- WHAT THE EXERCISE ASKS
Your copy should contain exactly the lines from the start of the material through the line containing "After that, tap", and no pictures.

- PROVIDED RECORDS
☆ ☆ ☆ ☆ ☆ ☆ ☆

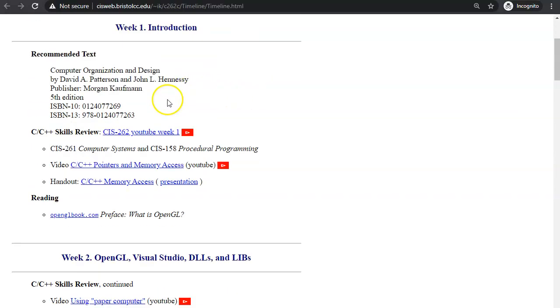This is our recommended textbook written by David Patterson and John Hennessy from Morgan Kaufman. This book is covered in video lectures starting with the third week of our course.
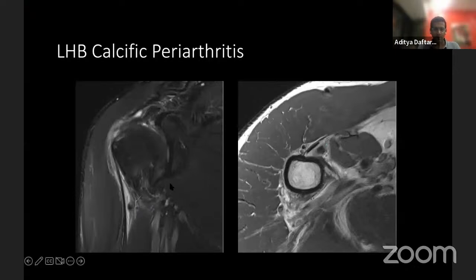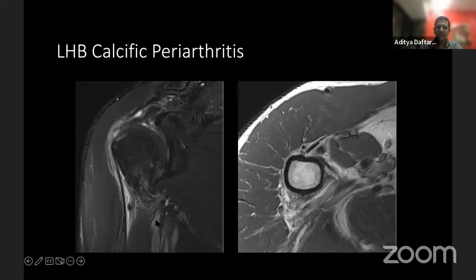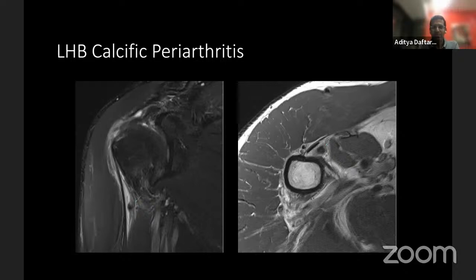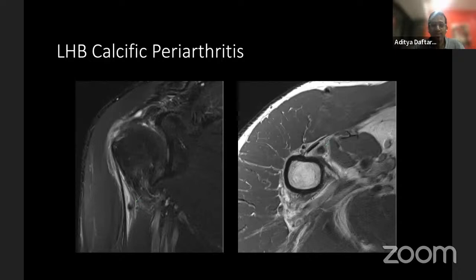Here is another example of something that can go wrong with the biceps. You see isolated fluid along the biceps tendon sheath and a tiny dark object, which turned out to be a small focus of calcific periarthritis. One has to be careful with little foci of calcification within the biceps tendon sheath because, since it communicates with the joint, you can also see intra-articular bodies from osteoarthritis trickling down. You must determine whether it's calcific periarthritis or just intra-articular debris extending in.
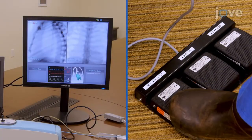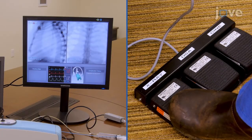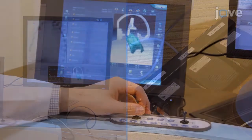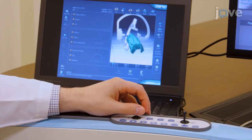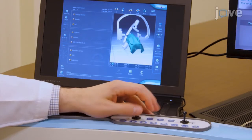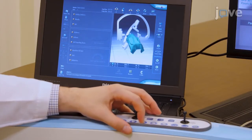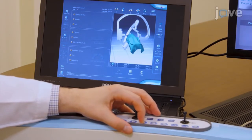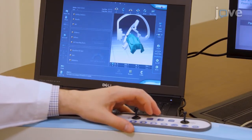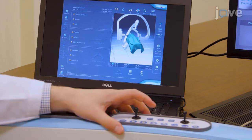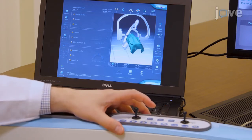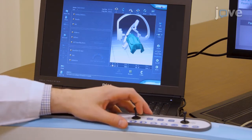Activate the fluoroscopy with the foot pedals and use the joysticks to adjust both the patient and image intensifier positions until the correct postero-anterior and lateral views are obtained.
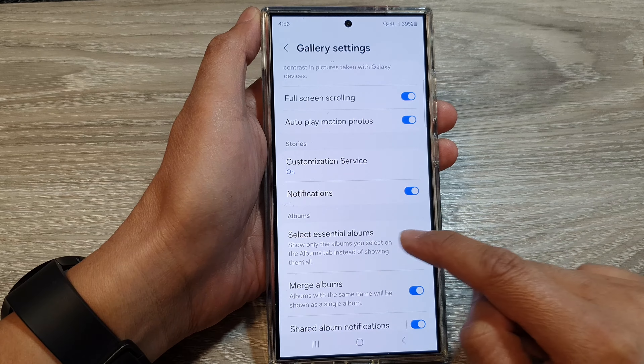After that, tap on the back key to go back to your gallery app. From the pictures gallery, if you tap on Albums, you can see at the top it shows 'Essential Albums' and 'View All.' If you go back into settings and turn off 'Select Essential Albums'...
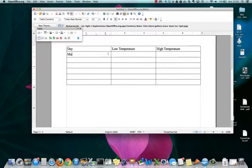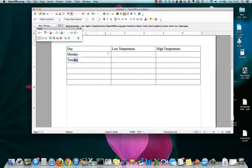Then down here, we're going to have days of the week. Notice I typed MON and it's guessing Monday. I can accept that by hitting the Enter key. And there's Tuesday.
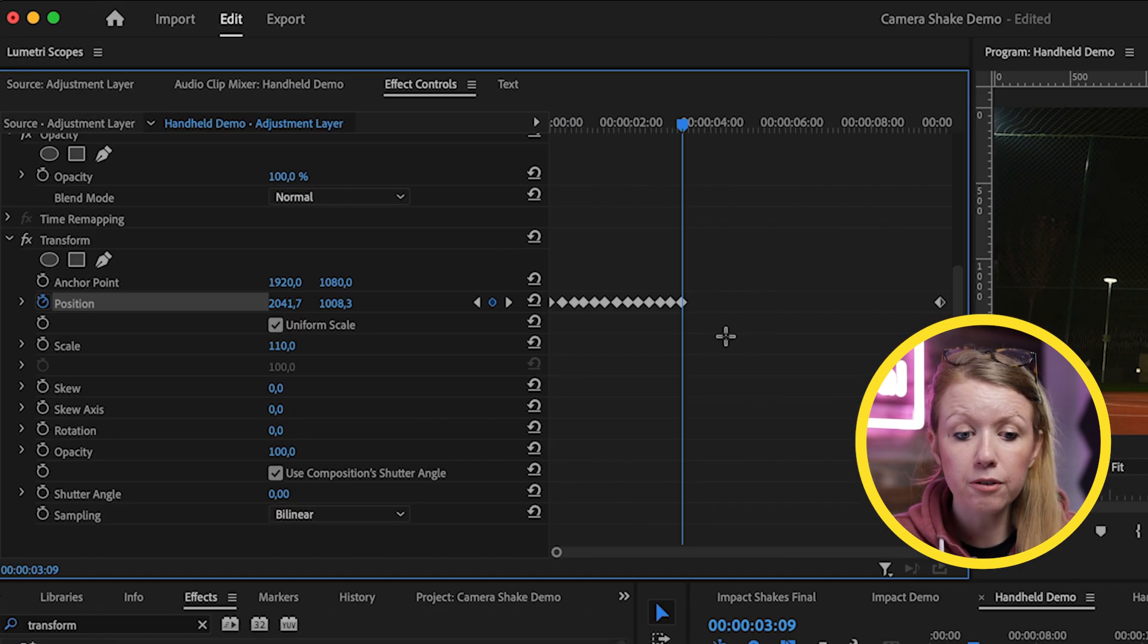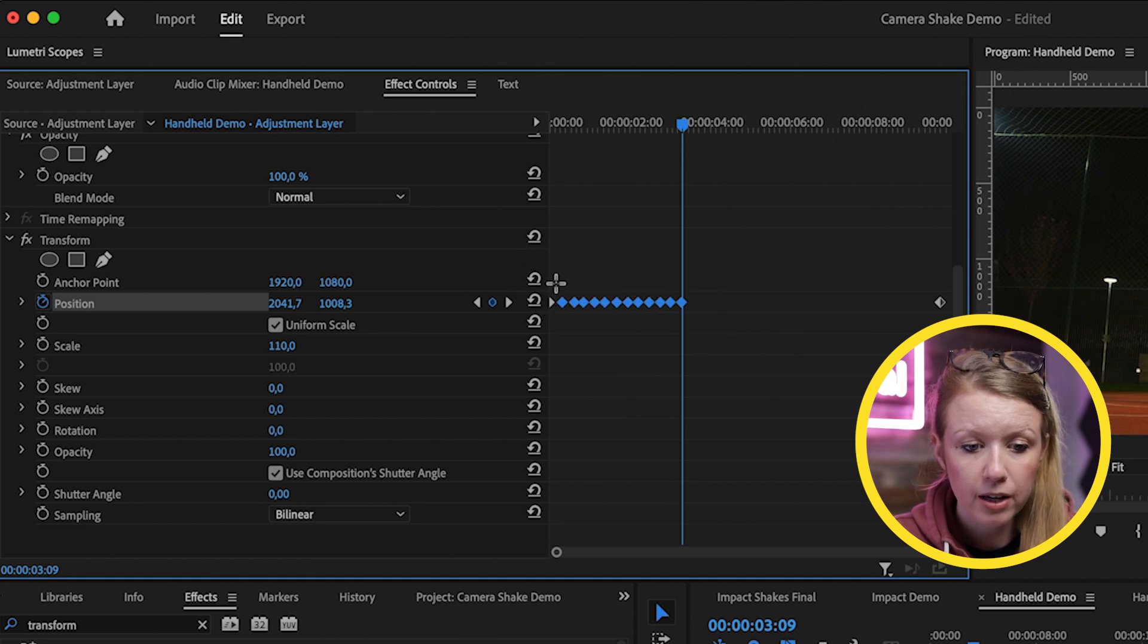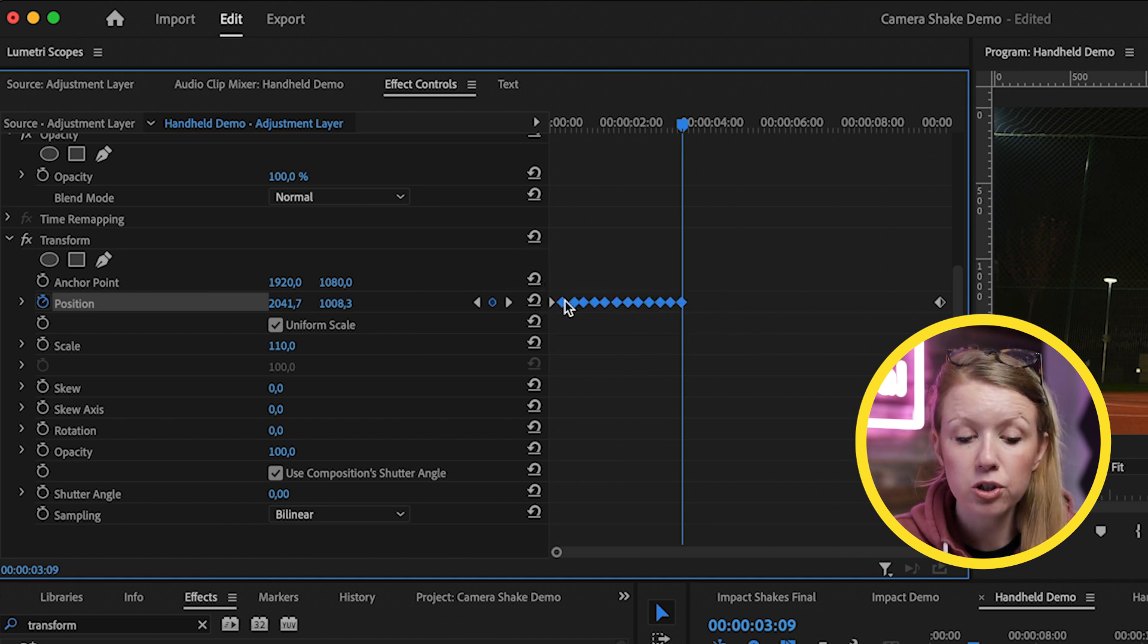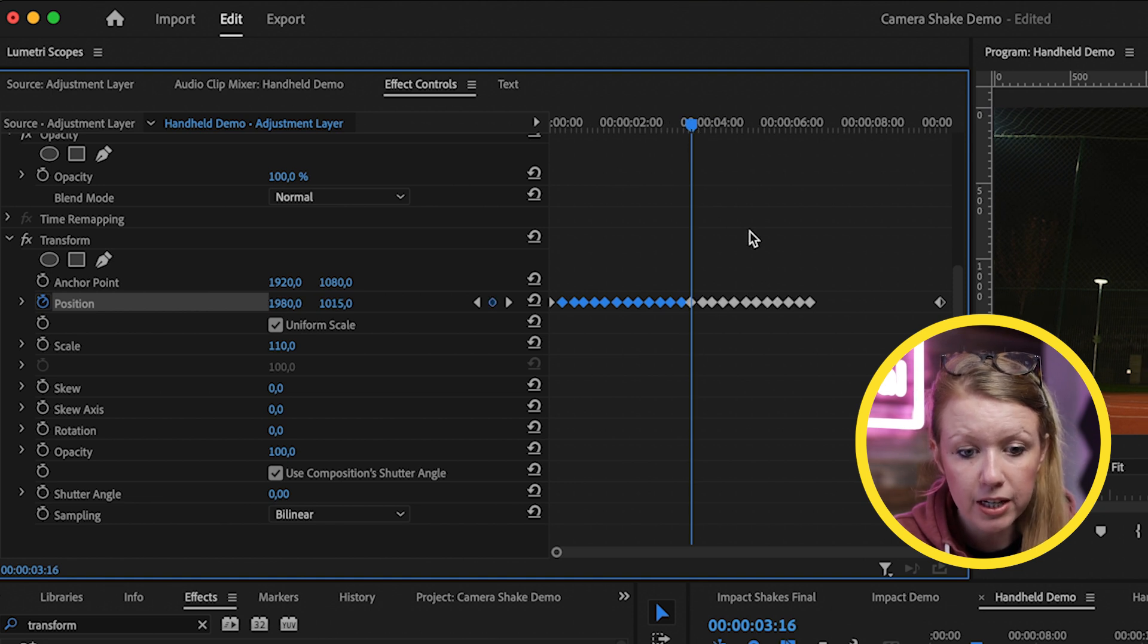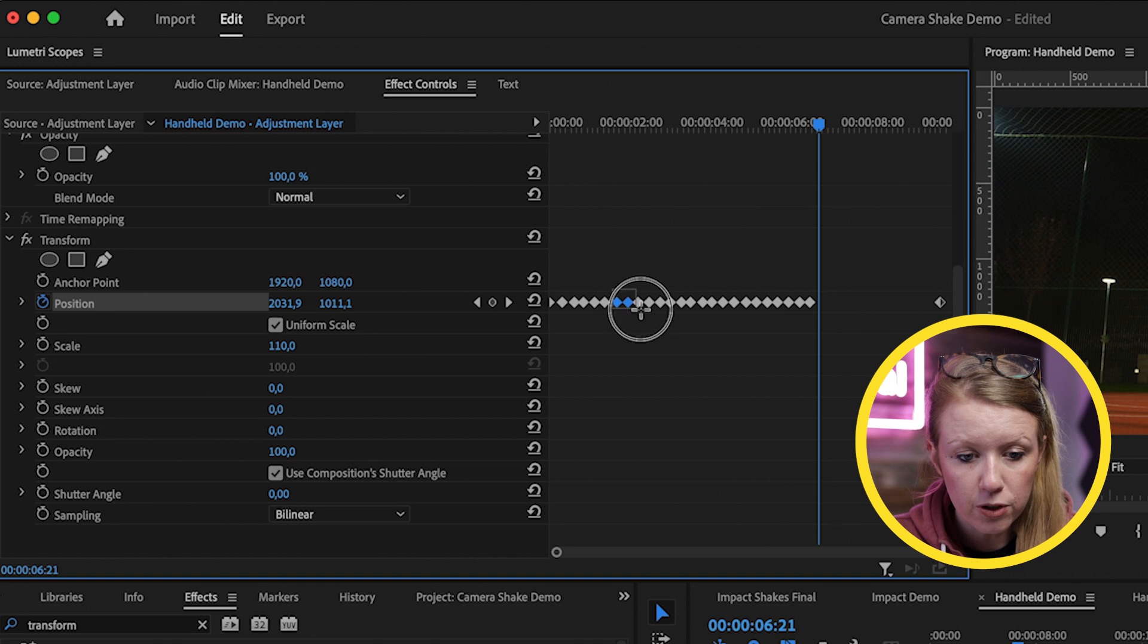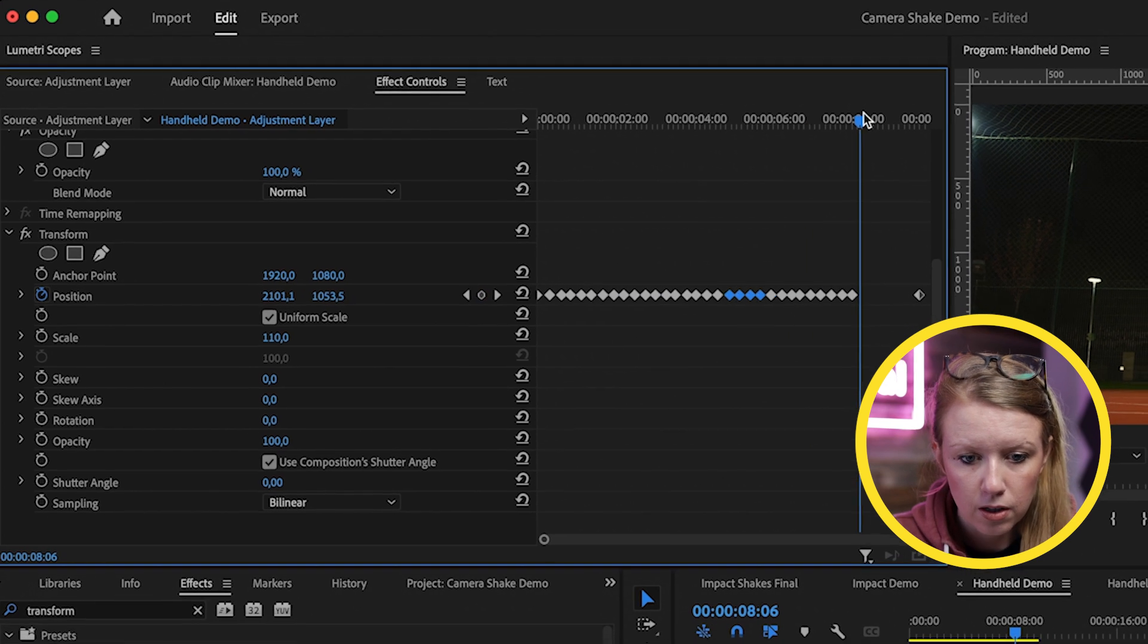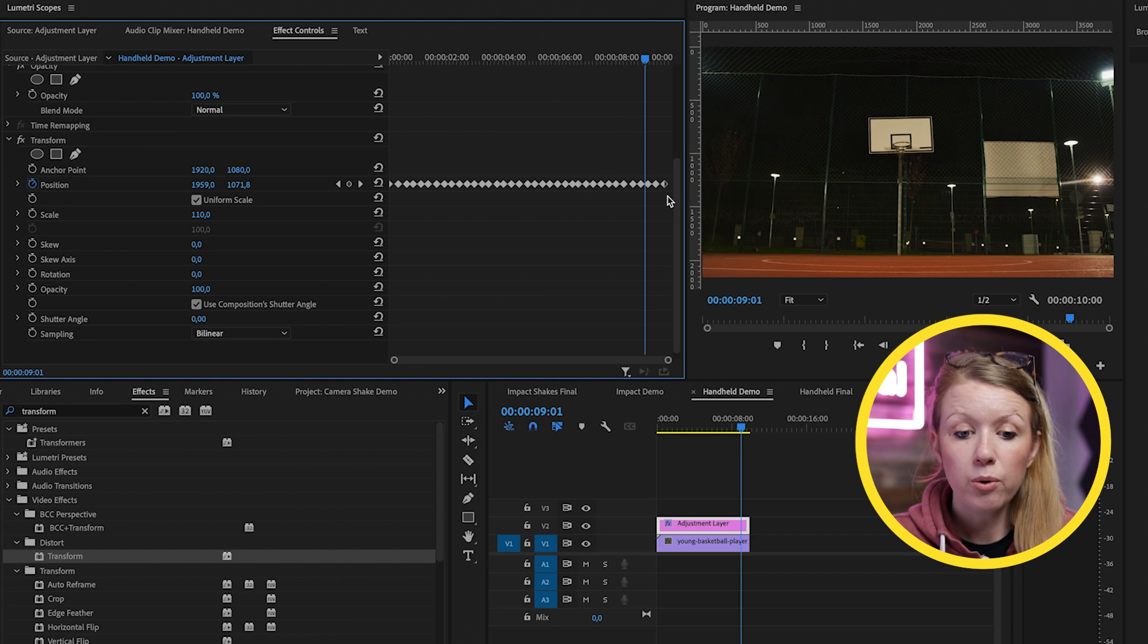And after you get the first set made, you can actually lasso and select them and you can press command C or control C to copy and then move forward a bit and press command V to paste it. And then again, we can go and just copy a few of them here and paste them.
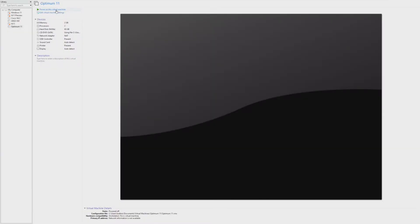Hey guys, it's Bub here. In this video we're taking a look at Win11x Optimum 11. I'm actually not sure if that's a name, but I do know that it is Optimum 11.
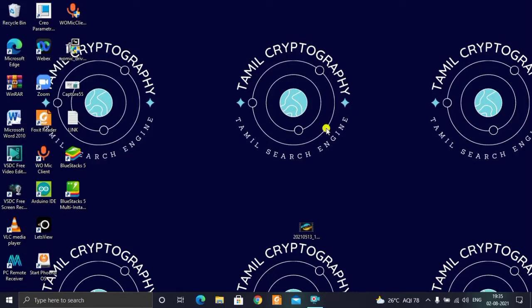Hello friends, welcome to the Tamil Cryptographic channel. In this video, we are going to do a TinkerCAD 3D design — a simple one chair design. We will see the procedure in this video, so let's go.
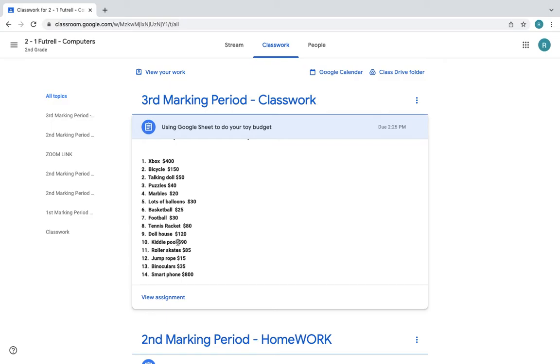You choose six things. So I'm going to choose Xbox for $400. I'm going to choose bicycle for $150. I'm going to choose balloons because I like balloons for $30.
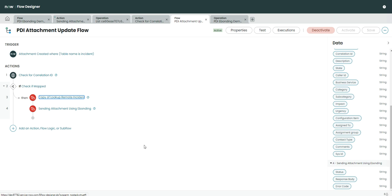If you have any doubts, please drop comments on my article or on this video. I will be attaching the flows and custom actions to the article — there will be a link in the description so you can download and start using them. If you have any doubts please let me know. Thank you so much for watching this video.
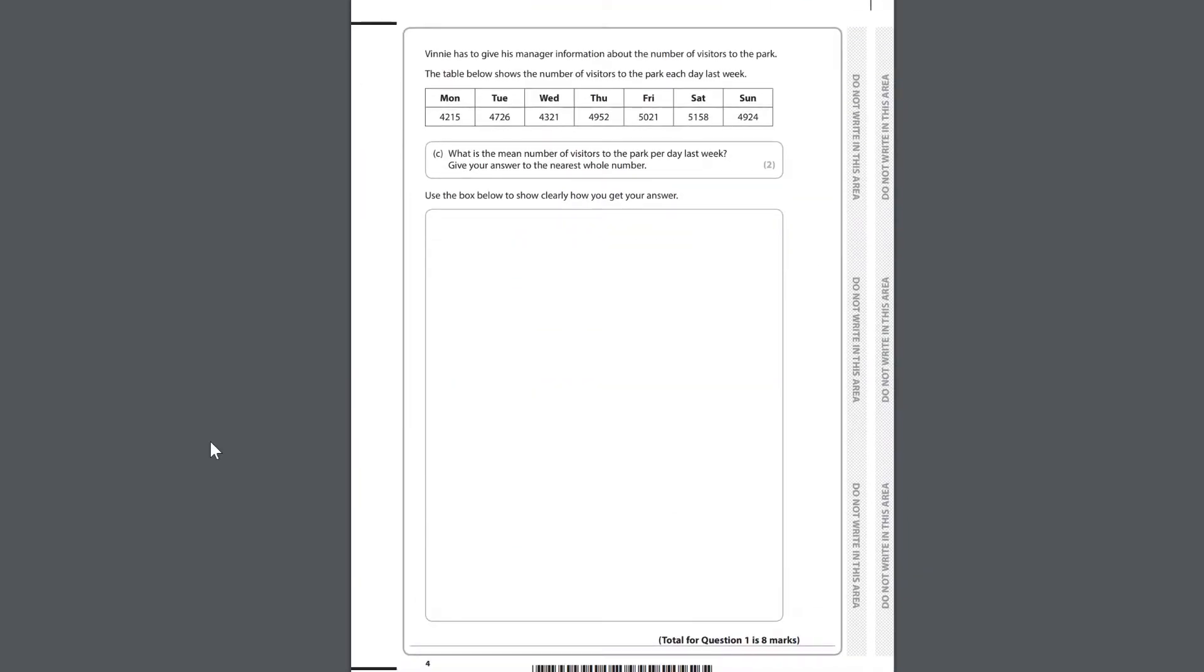Vinny has to give his manager information about the number of visitors to the park. The table below shows the number of visitors to the park each day last week. What is the mean number of visitors to the park per day last week? Give your answer to the nearest whole number. Use the box below to show clearly how you get your answer.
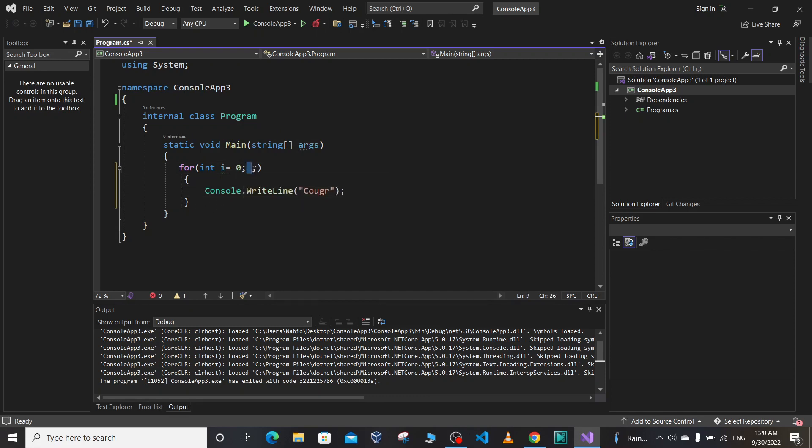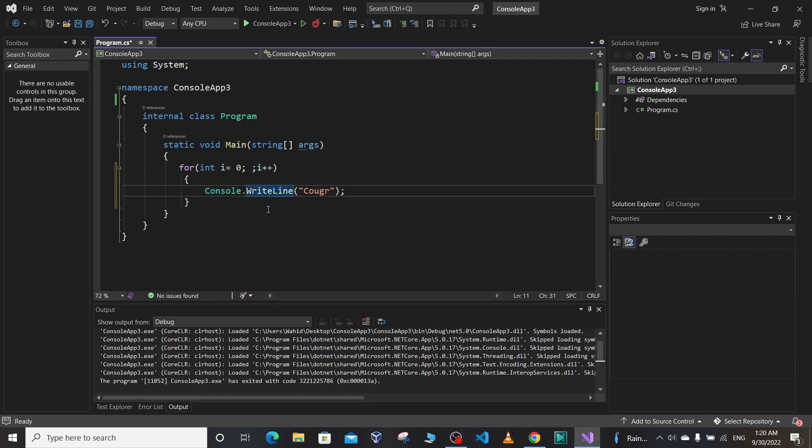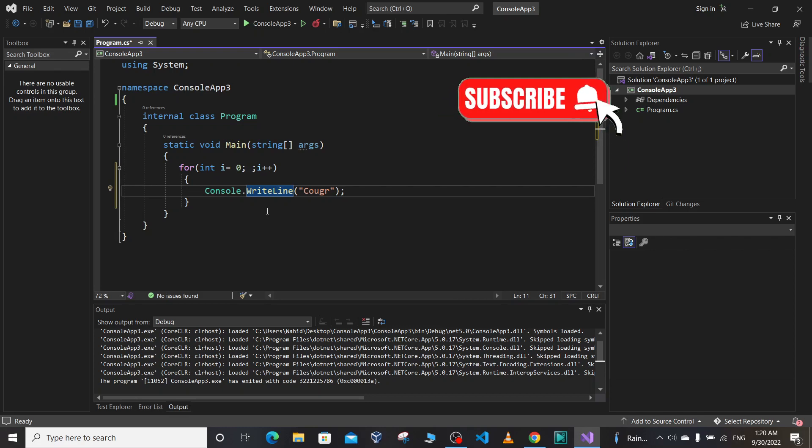In this loop, we don't have the condition part, but we do have the increment part i++. What will be the output of this program? Please write your answer in the comment section, and see you in the next video. Bye-bye!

☆ ☆ ☆ ☆ ☆ ☆ ☆

- ANSWER TO THE PROBLEM
This is our recommended textbook written by David Patterson and John Hennessy from Morgan Kaufman. This book is covered in video lectures starting with the third week of our course.
Here is another example of something that can go wrong with the biceps. You see isolated fluid along the biceps tendon sheath and a tiny dark object, which turned out to be a small focus of calcific periarthritis. One has to be careful with little foci of calcification within the biceps tendon sheath because, since it communicates with the joint, you can also see intra-articular bodies from osteoarthritis trickling down. You must determine whether it's calcific periarthritis or just intra-articular debris extending in.
Activate the fluoroscopy with the foot pedals and use the joysticks to adjust both the patient and image intensifier positions until the correct postero-anterior and lateral views are obtained.
After that, tap on the back key to go back to your gallery app. From the pictures gallery, if you tap on Albums, you can see at the top it shows 'Essential Albums' and 'View All.' If you go back into settings and turn off 'Select Essential Albums'...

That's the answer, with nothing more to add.